One embodiment includes a computer program product which is a machine readable medium (media) having instructions stored thereon/in which can be used to program one or more hosts to perform any of the features presented herein. The machine readable medium can include, but is not limited to, one or more types of disks including floppy disks, optical discs, DVD, CD-ROMs, micro drive, and magneto-optical disks, ROMs, RAMs, EPROMs, EEPROMs, DRAMs, VRAMs, flash memory devices, magnetic or optical cards, nanosystems (including molecular memory ICs), or any type of media or device suitable for storing instructions and/or data.
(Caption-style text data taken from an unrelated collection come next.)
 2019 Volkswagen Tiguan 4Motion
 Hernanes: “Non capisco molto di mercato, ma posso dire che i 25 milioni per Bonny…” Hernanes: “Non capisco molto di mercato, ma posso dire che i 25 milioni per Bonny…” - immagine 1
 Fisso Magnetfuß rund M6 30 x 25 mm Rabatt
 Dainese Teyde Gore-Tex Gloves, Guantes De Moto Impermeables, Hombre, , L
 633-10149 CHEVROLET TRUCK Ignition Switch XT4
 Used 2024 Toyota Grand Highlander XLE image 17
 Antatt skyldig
Stored on any one of the computer readable medium (media), the present invention includes software for controlling both the hardware of the general purpose/specialized computer or microprocessor, and for enabling the computer or microprocessor to interact with a human viewer or other mechanism utilizing the results of the present invention. Such software may include, but is not limited to, device drivers, operating systems, execution environments/containers, and applications.
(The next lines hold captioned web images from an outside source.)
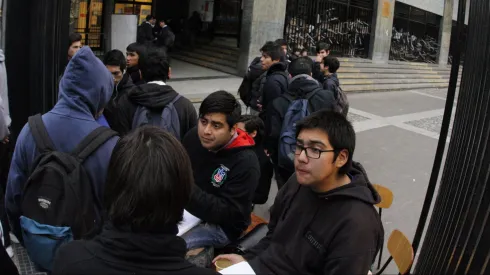 ¿Cuál es el bono exclusivo para estudiantes de cuarto medio?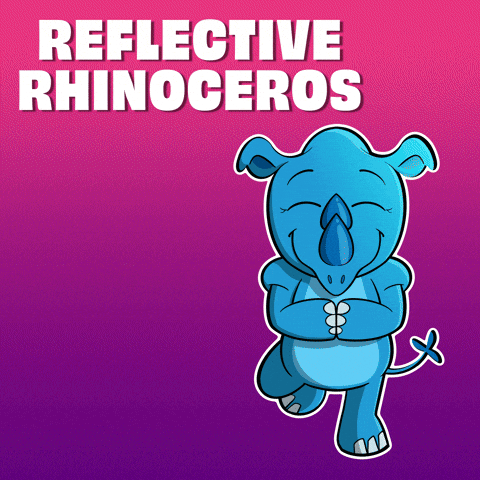 Look Charge GIF by VeeFriends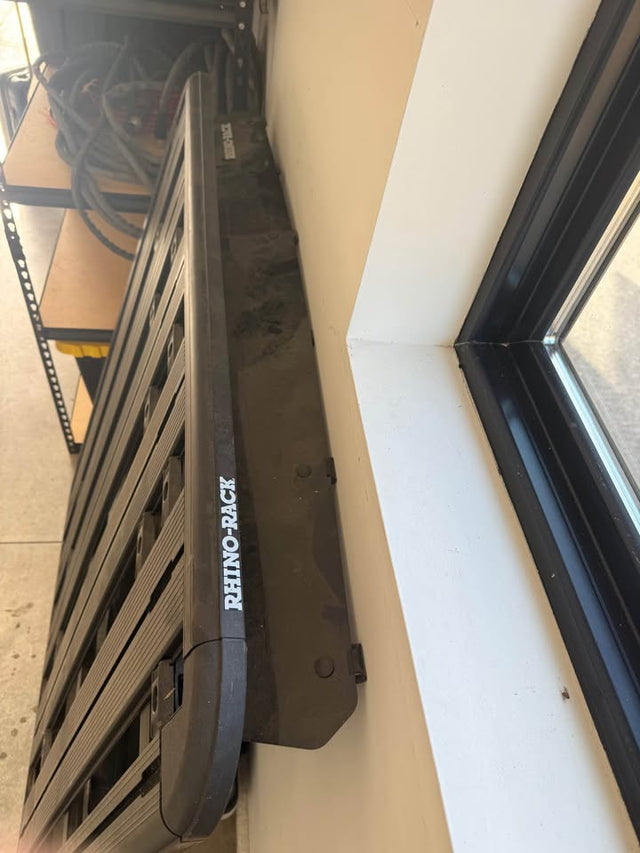 Rhino Rack Pioneer Platform 54x60 — photo 3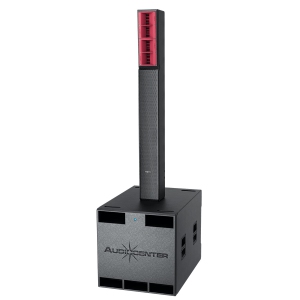 Audiocenter L65 пассивная акустическая система в Северной Осетии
The foregoing description of various embodiments of the claimed subject, matter has been provided for the purposes of illustration and description. It is not intended to be exhaustive or to limit the claimed subject matter to the precise forms disclosed. Many modifications and variations will be apparent to the practitioner skilled in the art. Particularly, while the concept “interface” is used in the embodiments of the systems and methods described above, it will be evident that such concept can be interchangeably used with equivalent software concepts such as, class, method, type, module, component, bean, module, object model, process, thread, and other suitable concepts. While the concept “component” is used in the embodiments of the systems and methods described above, it will be evident that such concept can be interchangeably used with equivalent concepts such as class, method, type, interface, module, object model, and other suitable concepts. Embodiments were chosen and described in order to best describe the principles of the invention and its practical application, thereby enabling others skilled in the relevant art to understand the claimed subject matter, the various embodiments and with various modifications that are suited to the particular use contemplated.
This application is related to U.S. Ser. No. 12/476,953 filed Jun. 2, 2009, which is a continuation-in-part of U.S. Ser. No. 12/253,893, filed Oct. 17, 2008, both of which applications are fully incorporated herein by reference.